Chef Part 2 - Performance | Voxer Engineering

Author: Dave Eddy - Operations Engineer

If you haven't already, check out Part 1 of the this series of blog posts to read about our migration from Hosted Chef to a private, self-hosted Chef instance.

Chef Part 1 - Migration

Then, read on to see how we made our Chef runs 16x faster.

Performance

We migrated all of our data from a Hosted Chef Server instance to a private one, almost transparently to all of our servers, and in the process saved a lot of money per month that we were paying opscode. So everything is good right? Well, unfortunately, no.

Chef is slow now... painfully slow. To Chef all ~200 nodes we have, with Hosted Chef, used to take 30 minutes using sshp (multiple parallel ssh) with max concurrency set to 30. Now, we can't get Chef to finish without errors at a concurrency of 30. Stepping the concurrency down to 10 nodes at a time, Chef will finish in 65 minutes... Over an hour! We're used to Chef being slow, but not this slow.

Why is the machine slow, is it out of resources?

We wanted to see which, if any, resources the system is maxing out.

The first thing we checked was disk utilization with the tool iostat(1M), and saw nothing. The disks were sitting at about 1-3% busy; Nothing interesting going on with the disks.

Next, we used dladm(1M) to look at our interfaces and see if networking was an issue. We were pushing barely any data, ~100kb/s peak; Nothing interesting happening with networking.

Finally, we got some insight by running prstat(1M) and seeing processes float to the top of the output with high CPU usage. Nothing too surprising however, as it just showed chef-server, and other processes that Chef relies on as the top offenders.

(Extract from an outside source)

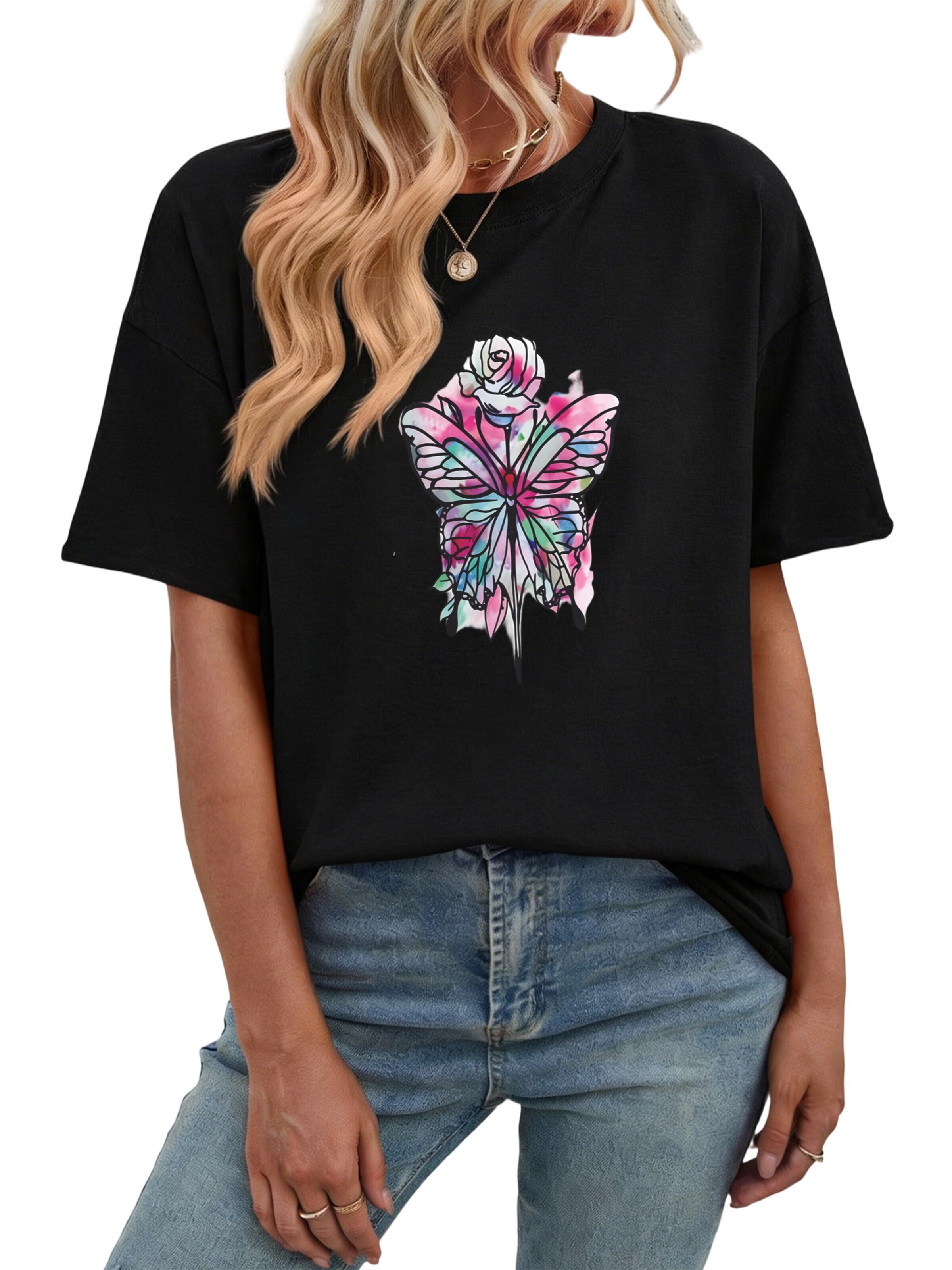 GORHEY Oversized shirt in Zwart: voorkant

What is Chef slow at doing specifically?

When we would run chef-client on a node, it appeared to hang for about 30-40 seconds when it got to this point:

[Tue, 19 Mar 2013 12:45:47 -0700] INFO: *** Chef 10.16.4 ***
[Tue, 19 Mar 2013 12:45:48 -0700] INFO: Run List is [role[base], role[riak]]
[Tue, 19 Mar 2013 12:45:48 -0700] INFO: Run List expands to [.........]
[Tue, 19 Mar 2013 12:45:48 -0700] INFO: Starting Chef Run for nodea.voxer.com
[Tue, 19 Mar 2013 12:45:48 -0700] INFO: Running start handlers
[Tue, 19 Mar 2013 12:45:48 -0700] INFO: Start handlers complete.
[Tue, 19 Mar 2013 12:45:48 -0700] INFO: Loading cookbooks [.........]
... HANG ...

(some output removed or replaced with ....... for privacy)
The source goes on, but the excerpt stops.